The proposals, that will see 15 clubs gifted guaranteed entry into Europe’s top competition, have been widely condemned across the footballing spectrum.
Thus far, 12 teams – including six from the Premier League and three from Serie A and La Liga respectively – have confirmed they intend to be founding members, despite intense criticism from all corners.
UEFA president Aleksander Ceferin took aim at all involved, claiming it was a ‘spit in the face of all football lovers’.
"We are all united against this nonsense of a project," he said.
"I cannot stress more strongly how everyone is united against these disgraceful, self-serving proposals, fuelled by greed above all else.

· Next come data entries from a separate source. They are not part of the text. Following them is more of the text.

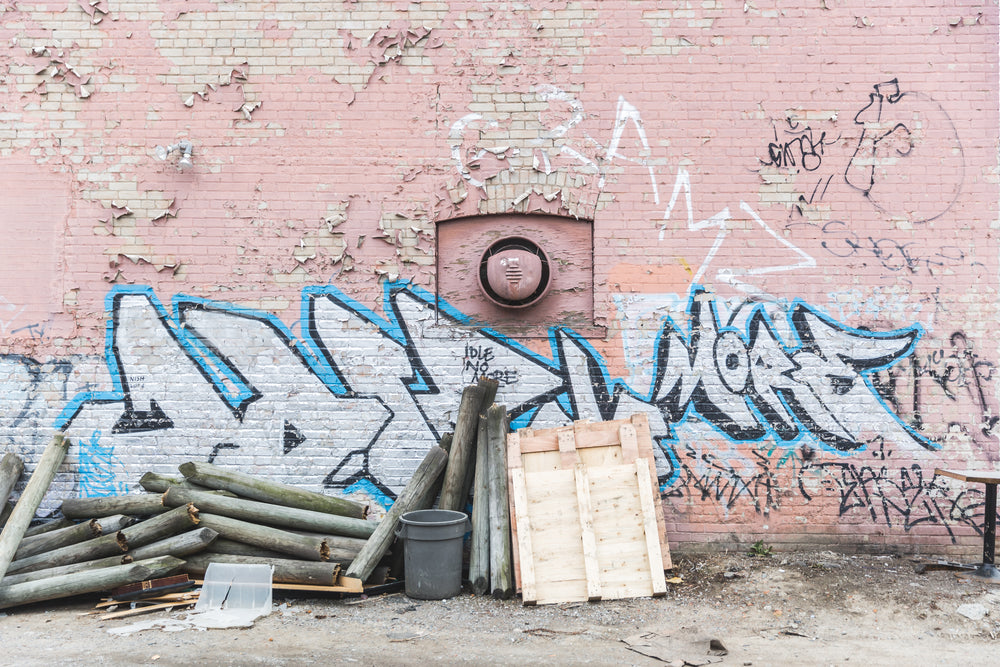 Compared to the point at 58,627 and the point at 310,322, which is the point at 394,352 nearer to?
the point at 310,322

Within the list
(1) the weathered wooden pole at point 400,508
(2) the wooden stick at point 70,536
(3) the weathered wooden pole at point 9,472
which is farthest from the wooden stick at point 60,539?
(1) the weathered wooden pole at point 400,508

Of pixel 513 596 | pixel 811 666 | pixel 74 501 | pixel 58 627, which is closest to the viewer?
pixel 811 666

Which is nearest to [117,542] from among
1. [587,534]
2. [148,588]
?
[148,588]

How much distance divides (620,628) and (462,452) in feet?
5.68

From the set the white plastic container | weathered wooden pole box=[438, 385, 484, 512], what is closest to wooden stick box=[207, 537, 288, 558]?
the white plastic container

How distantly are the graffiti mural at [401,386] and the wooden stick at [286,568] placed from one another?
2.76ft

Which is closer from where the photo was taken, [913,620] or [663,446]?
[913,620]

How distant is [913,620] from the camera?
488cm

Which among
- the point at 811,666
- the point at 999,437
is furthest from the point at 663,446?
the point at 999,437

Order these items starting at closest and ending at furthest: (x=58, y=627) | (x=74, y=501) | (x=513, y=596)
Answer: (x=58, y=627)
(x=513, y=596)
(x=74, y=501)

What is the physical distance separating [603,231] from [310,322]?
2.46 metres

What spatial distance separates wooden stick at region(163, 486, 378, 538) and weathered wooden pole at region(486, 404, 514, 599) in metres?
0.92

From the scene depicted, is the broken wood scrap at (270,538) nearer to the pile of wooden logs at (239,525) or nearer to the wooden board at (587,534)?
the pile of wooden logs at (239,525)

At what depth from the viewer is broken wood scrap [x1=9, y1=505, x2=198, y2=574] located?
5332mm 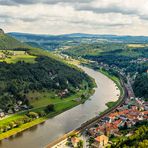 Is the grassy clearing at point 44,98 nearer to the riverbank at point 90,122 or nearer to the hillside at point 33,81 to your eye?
the hillside at point 33,81

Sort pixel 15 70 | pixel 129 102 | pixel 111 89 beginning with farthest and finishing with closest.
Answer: pixel 111 89
pixel 15 70
pixel 129 102

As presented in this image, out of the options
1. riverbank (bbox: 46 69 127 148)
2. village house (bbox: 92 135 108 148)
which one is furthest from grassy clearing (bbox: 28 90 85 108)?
village house (bbox: 92 135 108 148)

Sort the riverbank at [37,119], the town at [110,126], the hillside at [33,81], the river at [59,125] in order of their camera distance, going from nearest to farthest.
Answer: the town at [110,126] → the river at [59,125] → the riverbank at [37,119] → the hillside at [33,81]

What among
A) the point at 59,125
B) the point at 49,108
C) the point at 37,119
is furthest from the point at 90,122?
the point at 49,108

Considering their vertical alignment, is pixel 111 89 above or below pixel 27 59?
below

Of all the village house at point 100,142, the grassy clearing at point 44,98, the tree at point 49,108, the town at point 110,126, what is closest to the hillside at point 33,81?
the grassy clearing at point 44,98

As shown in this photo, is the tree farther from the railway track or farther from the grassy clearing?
the railway track

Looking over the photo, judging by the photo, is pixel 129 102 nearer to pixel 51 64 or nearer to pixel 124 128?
pixel 124 128

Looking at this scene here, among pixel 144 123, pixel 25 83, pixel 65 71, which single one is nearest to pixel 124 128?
pixel 144 123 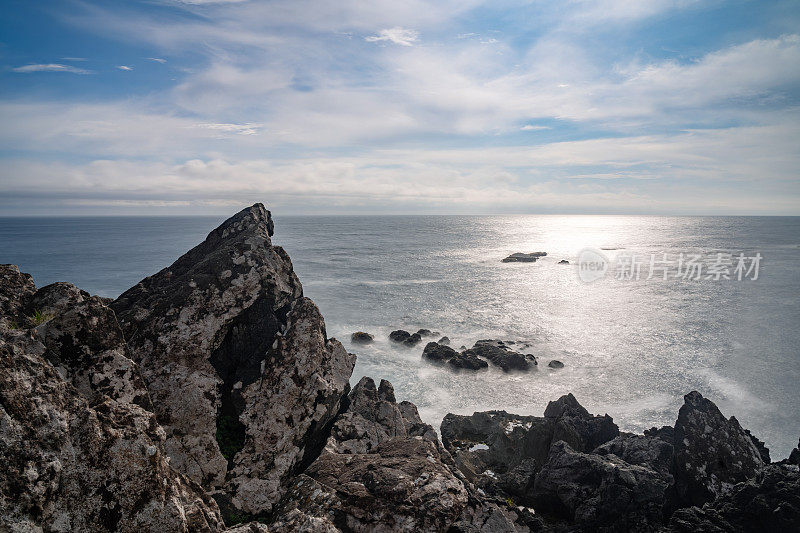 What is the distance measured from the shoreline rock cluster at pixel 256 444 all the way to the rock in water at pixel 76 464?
24mm

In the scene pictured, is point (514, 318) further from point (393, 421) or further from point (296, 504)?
point (296, 504)

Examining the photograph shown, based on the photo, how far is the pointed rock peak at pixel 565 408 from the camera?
22.5m

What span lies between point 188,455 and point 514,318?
156 feet

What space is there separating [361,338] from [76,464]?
38.2 metres

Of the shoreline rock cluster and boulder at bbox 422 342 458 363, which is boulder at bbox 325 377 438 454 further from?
boulder at bbox 422 342 458 363

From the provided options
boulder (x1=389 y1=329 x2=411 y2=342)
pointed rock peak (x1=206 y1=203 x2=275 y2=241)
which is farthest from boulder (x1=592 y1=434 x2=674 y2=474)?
boulder (x1=389 y1=329 x2=411 y2=342)

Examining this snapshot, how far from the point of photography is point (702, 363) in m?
38.0

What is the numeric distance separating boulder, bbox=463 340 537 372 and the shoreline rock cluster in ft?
53.9

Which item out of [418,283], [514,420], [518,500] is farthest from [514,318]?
[518,500]

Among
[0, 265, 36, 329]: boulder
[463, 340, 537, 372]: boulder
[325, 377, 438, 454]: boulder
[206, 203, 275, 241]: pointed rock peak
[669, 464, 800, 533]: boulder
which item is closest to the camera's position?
[0, 265, 36, 329]: boulder

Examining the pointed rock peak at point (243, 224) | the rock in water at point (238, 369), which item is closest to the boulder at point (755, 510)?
the rock in water at point (238, 369)

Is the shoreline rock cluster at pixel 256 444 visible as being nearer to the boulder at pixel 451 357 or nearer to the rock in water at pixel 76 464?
the rock in water at pixel 76 464

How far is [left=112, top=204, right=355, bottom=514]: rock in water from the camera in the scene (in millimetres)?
12453

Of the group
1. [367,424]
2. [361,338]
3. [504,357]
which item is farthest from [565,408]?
[361,338] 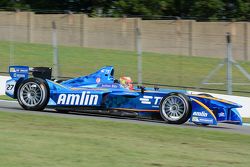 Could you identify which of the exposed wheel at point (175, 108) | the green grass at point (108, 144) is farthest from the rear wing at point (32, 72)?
the exposed wheel at point (175, 108)

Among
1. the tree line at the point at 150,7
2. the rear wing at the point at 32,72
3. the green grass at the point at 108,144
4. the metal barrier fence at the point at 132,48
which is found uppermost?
the tree line at the point at 150,7

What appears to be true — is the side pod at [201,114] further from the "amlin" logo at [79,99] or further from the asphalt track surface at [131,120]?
the "amlin" logo at [79,99]

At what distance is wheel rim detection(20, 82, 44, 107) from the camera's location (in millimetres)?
12724

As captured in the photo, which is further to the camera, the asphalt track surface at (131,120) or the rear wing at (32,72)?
the rear wing at (32,72)

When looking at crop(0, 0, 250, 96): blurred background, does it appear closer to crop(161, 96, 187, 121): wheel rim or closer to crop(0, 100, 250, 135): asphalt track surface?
crop(0, 100, 250, 135): asphalt track surface

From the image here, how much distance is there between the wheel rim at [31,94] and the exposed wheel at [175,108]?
2566 mm

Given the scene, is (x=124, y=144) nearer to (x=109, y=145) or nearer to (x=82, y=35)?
(x=109, y=145)

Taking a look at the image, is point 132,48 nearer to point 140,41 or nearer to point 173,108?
point 140,41

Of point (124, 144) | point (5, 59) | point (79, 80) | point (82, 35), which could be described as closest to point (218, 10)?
point (82, 35)

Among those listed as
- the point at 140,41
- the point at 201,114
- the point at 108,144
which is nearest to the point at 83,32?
the point at 140,41

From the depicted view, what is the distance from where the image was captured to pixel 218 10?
4391 centimetres

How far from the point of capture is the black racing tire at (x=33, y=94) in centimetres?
1265

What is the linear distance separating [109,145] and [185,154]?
3.50ft

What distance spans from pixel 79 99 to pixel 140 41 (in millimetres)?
4362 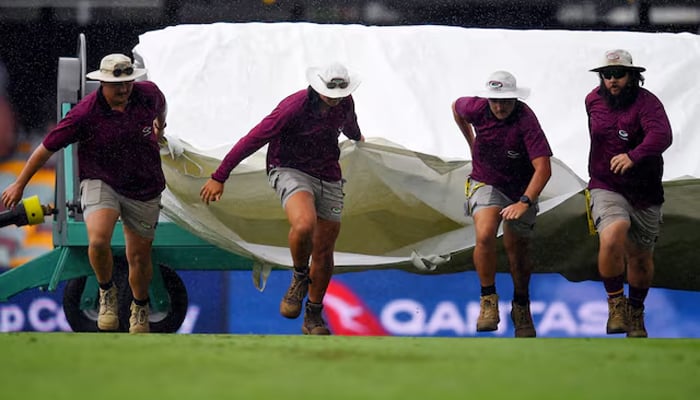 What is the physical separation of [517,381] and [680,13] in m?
8.71

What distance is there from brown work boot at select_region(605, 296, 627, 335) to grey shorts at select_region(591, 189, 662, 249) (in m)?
0.40

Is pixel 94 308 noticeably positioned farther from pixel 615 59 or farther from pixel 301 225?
pixel 615 59

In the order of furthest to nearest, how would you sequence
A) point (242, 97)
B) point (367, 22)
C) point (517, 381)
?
point (367, 22) → point (242, 97) → point (517, 381)

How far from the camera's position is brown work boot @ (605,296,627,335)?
7.21m

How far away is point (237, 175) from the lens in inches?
325

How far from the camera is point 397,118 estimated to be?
8.87 meters

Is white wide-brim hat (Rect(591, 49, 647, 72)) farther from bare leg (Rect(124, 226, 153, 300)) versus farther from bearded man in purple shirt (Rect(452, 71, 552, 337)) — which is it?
bare leg (Rect(124, 226, 153, 300))

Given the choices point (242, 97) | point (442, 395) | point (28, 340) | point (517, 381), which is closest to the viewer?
point (442, 395)

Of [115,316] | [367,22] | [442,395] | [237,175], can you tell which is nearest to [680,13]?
[367,22]

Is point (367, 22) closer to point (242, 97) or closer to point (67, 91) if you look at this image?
point (242, 97)

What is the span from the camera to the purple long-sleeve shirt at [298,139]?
7.25m

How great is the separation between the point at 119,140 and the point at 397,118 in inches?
90.4

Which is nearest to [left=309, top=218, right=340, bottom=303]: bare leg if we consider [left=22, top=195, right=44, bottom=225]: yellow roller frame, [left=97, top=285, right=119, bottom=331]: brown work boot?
[left=97, top=285, right=119, bottom=331]: brown work boot

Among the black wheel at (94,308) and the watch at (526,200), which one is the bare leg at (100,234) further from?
the watch at (526,200) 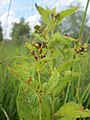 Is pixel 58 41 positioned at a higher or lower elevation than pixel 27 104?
higher

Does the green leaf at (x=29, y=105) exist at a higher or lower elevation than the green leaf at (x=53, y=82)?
lower

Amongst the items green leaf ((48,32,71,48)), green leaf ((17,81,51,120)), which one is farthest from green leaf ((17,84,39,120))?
green leaf ((48,32,71,48))

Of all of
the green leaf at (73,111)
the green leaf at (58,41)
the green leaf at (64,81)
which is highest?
the green leaf at (58,41)

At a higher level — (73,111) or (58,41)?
(58,41)

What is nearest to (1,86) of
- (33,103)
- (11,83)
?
(11,83)

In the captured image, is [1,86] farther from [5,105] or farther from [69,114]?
[69,114]

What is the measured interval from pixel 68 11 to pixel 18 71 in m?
0.19

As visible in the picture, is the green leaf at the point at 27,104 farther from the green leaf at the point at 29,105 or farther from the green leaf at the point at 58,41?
the green leaf at the point at 58,41

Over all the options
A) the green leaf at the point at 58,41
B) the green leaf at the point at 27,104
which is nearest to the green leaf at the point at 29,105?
the green leaf at the point at 27,104

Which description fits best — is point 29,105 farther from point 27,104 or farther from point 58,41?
point 58,41

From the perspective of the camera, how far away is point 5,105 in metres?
1.23

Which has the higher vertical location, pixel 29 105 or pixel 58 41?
pixel 58 41

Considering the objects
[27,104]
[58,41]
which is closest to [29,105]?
[27,104]

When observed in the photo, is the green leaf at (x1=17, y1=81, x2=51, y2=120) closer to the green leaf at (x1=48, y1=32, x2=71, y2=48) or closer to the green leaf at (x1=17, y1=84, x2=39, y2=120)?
the green leaf at (x1=17, y1=84, x2=39, y2=120) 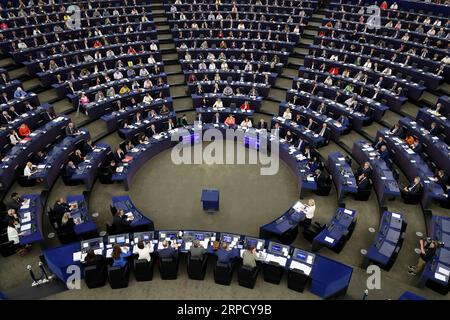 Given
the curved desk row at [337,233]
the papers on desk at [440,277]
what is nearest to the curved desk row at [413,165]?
the curved desk row at [337,233]

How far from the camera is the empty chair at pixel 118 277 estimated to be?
11672 mm

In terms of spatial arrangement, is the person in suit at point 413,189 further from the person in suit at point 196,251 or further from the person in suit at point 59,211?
the person in suit at point 59,211

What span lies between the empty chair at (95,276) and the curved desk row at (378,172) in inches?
→ 448

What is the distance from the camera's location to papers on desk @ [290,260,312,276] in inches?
473

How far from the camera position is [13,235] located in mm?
12828

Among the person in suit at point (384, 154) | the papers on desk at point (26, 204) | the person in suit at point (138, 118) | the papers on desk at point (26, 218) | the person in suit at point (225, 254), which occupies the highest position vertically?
the person in suit at point (138, 118)

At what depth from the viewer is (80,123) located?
20.5 metres

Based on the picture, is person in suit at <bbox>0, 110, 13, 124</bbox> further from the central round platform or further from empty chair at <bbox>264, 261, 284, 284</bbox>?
empty chair at <bbox>264, 261, 284, 284</bbox>

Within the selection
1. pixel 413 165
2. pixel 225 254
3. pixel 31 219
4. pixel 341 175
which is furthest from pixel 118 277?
pixel 413 165

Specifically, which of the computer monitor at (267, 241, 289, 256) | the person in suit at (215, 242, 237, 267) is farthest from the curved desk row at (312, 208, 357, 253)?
the person in suit at (215, 242, 237, 267)

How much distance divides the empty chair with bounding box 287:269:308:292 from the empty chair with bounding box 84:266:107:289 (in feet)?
19.9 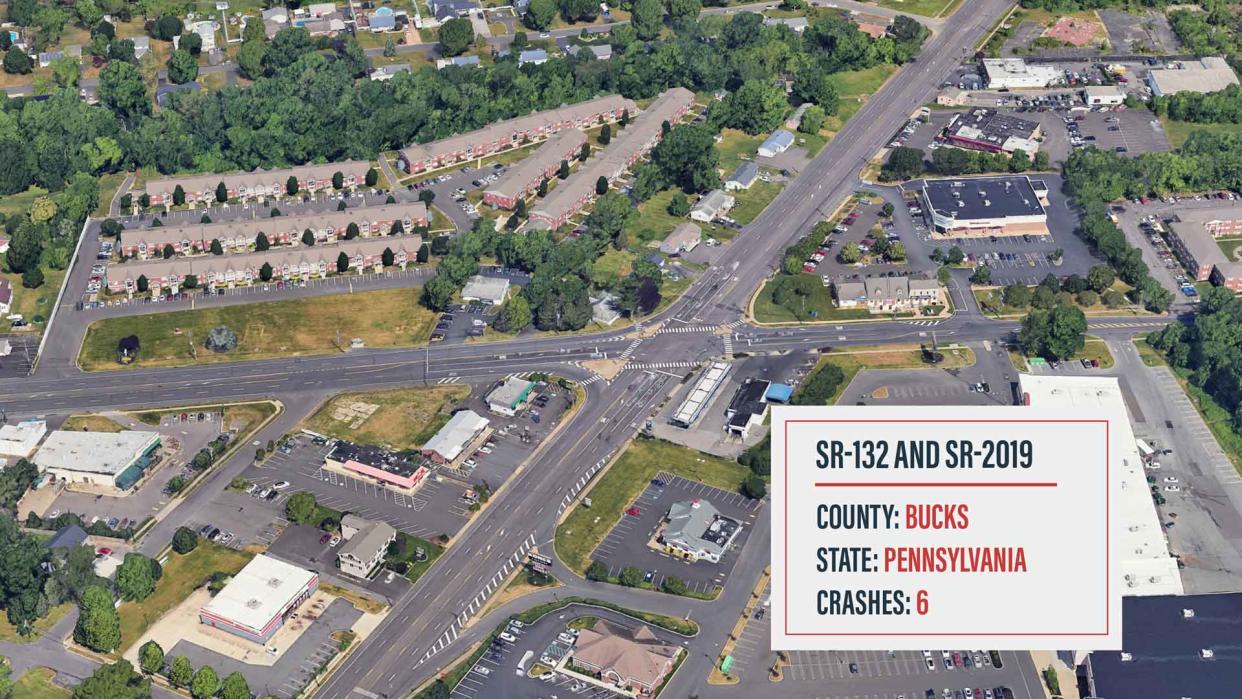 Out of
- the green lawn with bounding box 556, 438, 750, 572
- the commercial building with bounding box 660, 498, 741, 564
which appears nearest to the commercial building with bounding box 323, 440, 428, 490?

"[It is a] cynical plan, completely against what football should be. We cannot and will not allow that to change.
"Players who will play in the teams that might play in the closed league will be banned from the World Cup and Euros. We urge everyone to stand tall with us as we do everything in our power to ensure this never ends up in fruition.
"This idea is a spit in the face of all football lovers. We will not allow them to take it away from us."
But despite the dramatically negative PR, as of yet, there has been no climb down from anyone involved.
In fact, bosses of the new tournament have suggested it will actually improve the sport for lifelong fans.
According to a document obtained by the Guardian, the Super League had ‘four guiding principles’ in mind when devising the proposal.
The first of which is entitled ‘Exceed fan expectations’ which reads: “Our aim is to deliver to fans the best football possible while providing access for qualifying clubs to ensure the vibrancy of the competition and to maintain a strong commitment to the principle of sporting merit.”
Secondly, ‘solidarity and sustainability’ will be achieved by offering affordable tickets as well as “reinvestment into the football pyramid via ongoing and substantial solidarity payments”.
There have been suggestions that the rebel clubs could be expelled from their respective domestic competitions, but the third point on their list suggests that plans have been “designed around the principle of maintaining strong and vibrant local leagues”.
The fourth and final principle, entitled ‘Readiness to change’ explains that “The Super League ownership and governance structure is designed to allow us to rapidly adopt and incorporate new ideas into the competition.
"Whether it’s changes in live match distribution formats, technology-enhanced rule implementation or player development, we can no longer rely on external bodies to drive progress in these areas.”
The document continues: “At its heart, this is a comprehensive solution to the critical issues facing the sport. It starts with the fans of the game, giving them what they want and deserve; the best players and the world’s top clubs competing with each other throughout the year.”